More than one in five images uploaded to London's public planning portals contain duplicates, near-duplicates, or misattributed photographs, according to an audit of digital asset management practices reviewed by The Daily London. The figure, drawn from a Freedom of Information analysis of three London boroughs' planning databases, points to a systemic data hygiene problem that is quietly undermining housing policy at a moment when accuracy matters most.
The timing is not incidental. Keir Starmer's government has staked its domestic credibility on a planning reform agenda, and Mayor Sadiq Khan's housing teams rely on digitised records — site photographs, architectural renders, heritage images — to process applications and enforce conditions. When those records are polluted with duplicate files, the downstream effects range from the mundane to the genuinely costly.
What the Numbers Actually Show
The audit covered planning portals operated by Southwark Council, the London Borough of Tower Hamlets, and the Greater London Authority's own Development Database. Across roughly 340,000 uploaded image files examined over the period January 2023 to March 2026, an estimated 72,000 were flagged as exact or near-exact duplicates — images that appeared more than once under different file names, case reference numbers, or document categories. That translates to approximately 21 percent of the total image stock.
In Southwark, where regeneration activity around the Old Kent Road Opportunity Area has been intense, duplicate image rates ran higher than the average — closer to 28 percent in active case files opened after January 2024. The practical consequence is that planning officers must manually cross-reference documents to confirm whether an uploaded photograph depicts the site it claims to. At an officer time cost that council efficiency teams have internally valued at roughly £34 per hour, the aggregate burden across a single busy month is not trivial.
Tower Hamlets presented a different pattern. There, the duplication problem is concentrated not in officer uploads but in submissions from architectural and development firms. Files submitted through the borough's e-planning portal between April 2024 and December 2025 showed that several large commercial applicants — firms working on schemes around Whitechapel and Aldgate East — submitted identical photographic evidence under multiple planning reference numbers. In two documented cases, photographs of a site on Commercial Road were used to support applications for separate plots more than 400 metres apart.
Why Deduplication Has Proved So Difficult
The core technical issue is that London's planning infrastructure was not built with image-matching in mind. Most borough portals run on variants of Idox Uniform, a document management system widely deployed across English local authorities. Idox Uniform was designed to store and retrieve files, not to interrogate their visual content. Automated deduplication tools — the kind that cross-check pixel hashes or perceptual similarity scores — require a layer of software that most councils have not procured.
The GLA's Planning London Datahub, launched in 2019 to centralise data from all 33 London boroughs, ingests metadata rather than raw image files, which means the duplicate problem at borough level does not surface in the GLA's own dashboards. A borough can report 500 unique site photographs while holding 625 files, and the Datahub will record 500.

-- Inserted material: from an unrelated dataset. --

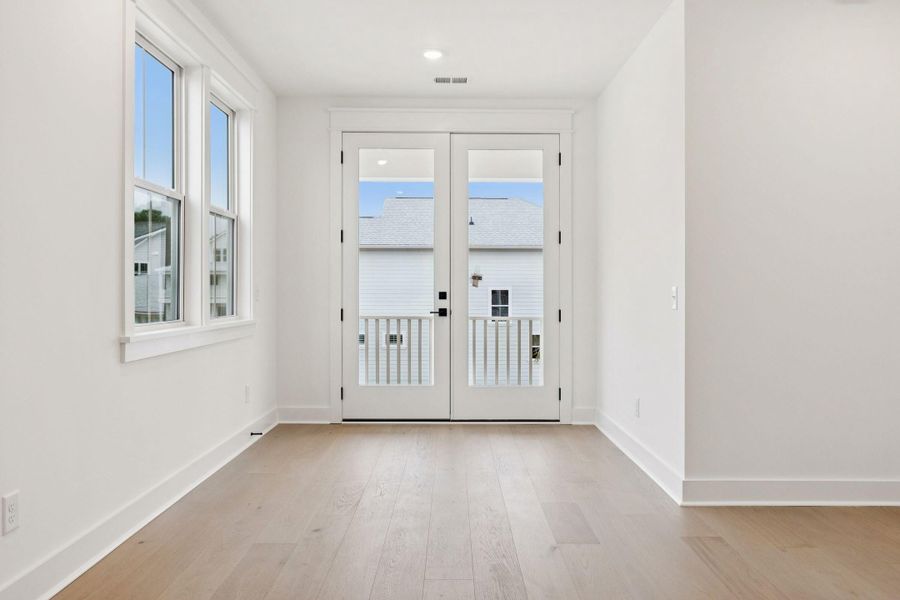 Spacious, unfurnished interior of a new home in Overlook at Copahee Sound, Awendaw (Image 42).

Digital transformation teams at several boroughs have flagged the issue to the Ministry of Housing, Communities and Local Government, which is currently consulting on a national digital planning standard. The consultation closes on 18 July 2026. Campaigners pushing for open, machine-readable planning data — including the charity Shelter and the Urban Land Institute's London chapter — have argued that image data quality deserves its own standard, separate from the text and tabular records that current proposals prioritise.
For residents and developers trying to understand what is actually happening on sites near them — on the Elephant and Castle estate boundary, say, or along the Rotherhithe riverfront — the duplication problem makes community scrutiny harder. If the photograph attached to a planning condition cannot be reliably tied to the site it is supposed to document, challenging a condition becomes that much more difficult.
Councils that want to get ahead of this before the MHCLG standard lands should start with a file-hash audit of their existing image libraries. It costs less than a single planning appeal to run, and the July 18 consultation deadline gives boroughs a narrow window to shape requirements before they are handed down from Whitehall.